Nella sua omelia, l'arcivescovo di Barcellona, il cardinale Joan Josep Omella, ha detto che a Barcellona si appoggia ora "un nuovo stile di convivenza, nel rispetto dei diritti umani, superando le differenze e le esclusioni. Abbiamo dimostrato di essere un popolo che non ha paura. L'unione ci rende forti, le divisioni ci distruggono".

Le parole del Papa all'Angelus

"Nei nostri cuori portiamo il dolore per gli atti terroristici che, in questi ultimi giorni, hanno causato numerose vittime, in Burkina Faso, in Spagna e in Finlandia.

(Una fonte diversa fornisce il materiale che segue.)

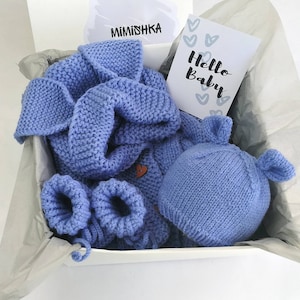 Baby gift box Gender neutral baby gift Baby shower gift Baby shower Newborn baby gift New baby gift New baby gift box Welcome  baby gift box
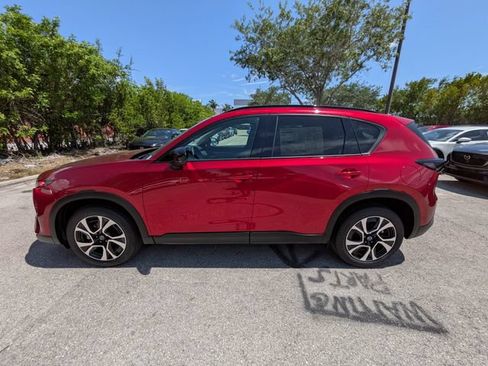 New 2026 MAZDA CX-5 Preferred AWD/4WD image 8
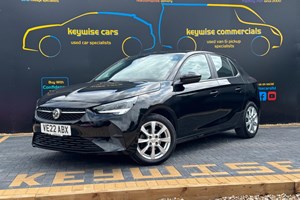 Vauxhall Corsa Hatchback (20 on) 1.2 SE Edition 5dr For Sale - Keywise Cars Ltd, Exeter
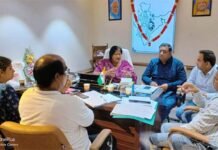 सीवर समस्या का वीएटेक वाबाग कंपनी 15 दिन में करें सुधार नहीं तो कांट्रेक्ट होगा निरस्त: सुनीता दयाल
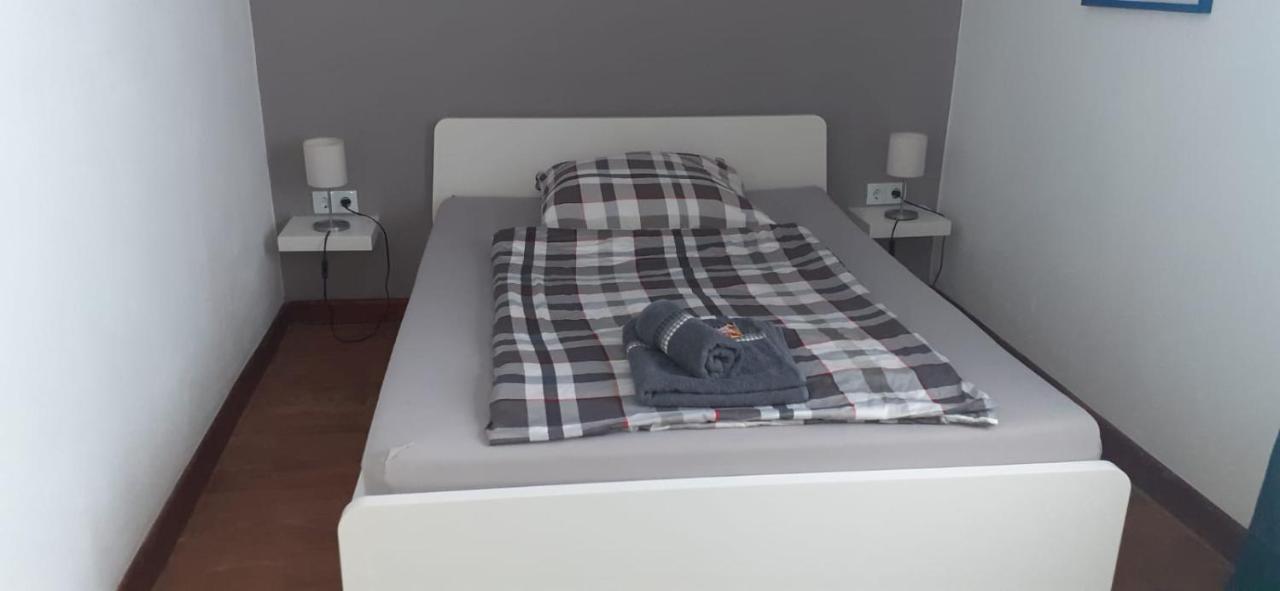 Ferienwohnung Pascale Mettlach Exteriér fotografie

Preghiamo per tutti i defunti, per i feriti e per i loro familiari; e supplichiamo il Signore, Dio di misericordia e di pace, di liberare il mondo da questa disumana violenza". Con queste parole, pronunciate al termine dell'Angelus, papa Francesco è tornato domenica a far sentire la sua voce contro gli attacchi terroristici degli ultimi giorni.

Morto anche il piccolo Julian, dato per disperso

La Rambla è tornata ad essere come affollata di cittadini e turisti. Molti hanno continuato a deporre fiori, peluche e messaggi al punto zero, sul mosaico di Mirò dove si era fermata la corsa del furgone omicida. Qui ha deposto dei fiori anche il ministro degli Esteri Angelino Alfano, che poi ha incontrato i familiari degli italiani vittime dell'attentato.

Fra i morti, è stato confermato domenica, c'è anche il Julian, 7 anni, il piccolo anglo-australiano che era stato dato per disperso. Sulla Rambla era con sua mamma, rimasta gravemente ferita. In realtà il suo corpicino era nell'obitorio del palazzo di giustizia. Ma sorprendentemente i governi di Australia, Regno Unito e Filippine che hanno lanciato appelli per ritrovarlo e la famiglia non erano stati informati.